President Kennedy stands on an observation platform to look over the Berlin Wall towards East Berlin. (AP Photo)

President Kennedy stands on an observation platform to look over the Berlin Wall towards East Berlin. (AP Photo)

Bernie Sanders, an avowed socialist, is seriously challenging frontrunner Hillary Clinton for the Democratic Party nomination for president. Sanders is particularly popular among young voters – those we now call “millennials.”

His message is every bit as seductive as it is wrong. Socialism always sounds good – we work according to our abilities and receive according to our needs. It sounds just wonderful.

The trouble is it doesn’t work.

For there to be wealth to share, wealth must first be created. For wealth to be created, risks must be taken and work must be done. The farmer plants his field in the full knowledge that the rains may never come. Absent potential reward, the farmer will do little more than feed his own family. He will risk nothing to feed other families.

The idea that people will take risks and work hard in order to simply surrender the fruits to some grandly conceived collective is fantasy. The pages of history prove it. No socialist society has ever prospered. When tried on a grand scale, such as in the Soviet Union for most of the 20th century, the result was profound and widespread suffering.
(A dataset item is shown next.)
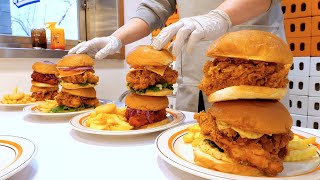 Fried and baked chicken burger - Korean street food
Our schools used to teach these things. They don’t so much any more.

Young people today don’t know that for 30 years Germany provided what was possibly the best possible real-time laboratory for comparing free markets and socialism.

Following World War II, the Soviet Union got control of roughly one third of Germany. The Soviets controlled what came to be called East Germany. They ran it as a communist nation.

“West Germany” (officially simply “Germany” for U.S. diplomatic recognition purposes) had regained its pre-war sovereignty. “West” Germany was free, democratic and capitalistic.

The contrast could not have been more stark. To the west, there was prosperity, growth and faith in the future. Literally a few yards away, on the other side of the wall, there was a police state still piled high with war rubble. German citizens who were unfortunate enough to get trapped in East Germany suffered chronic shortages, stagnation and grinding hopelessness. Those who tried to leave were shot.

My social studies teachers – Mrs. Everhart, Miss Campbell and Miss McCormick – taught us these things. Today’s social studies teachers (not all, I admit, but way too many) talk about income inequality, “corporate greed” and the irredeemable flaws baked into America’s DNA at its founding.

Hillary can’t quite close the deal against Bernie Sanders for the simple reason that if he appears on the ballot, there’s a good chance that your kid’s social studies teacher will vote for him. (Don’t bet, however, that he or she taught your kid about the Berlin Wall.)

Each successive generation of kids comes into the world hard-wired to believe in Santa Claus, the tooth fairy and socialism.

They eventually outgrow Santa Claus and the tooth fairy. But because our schools no longer function as they once did, too many of them grow up believing in the likes of Bernie Sanders.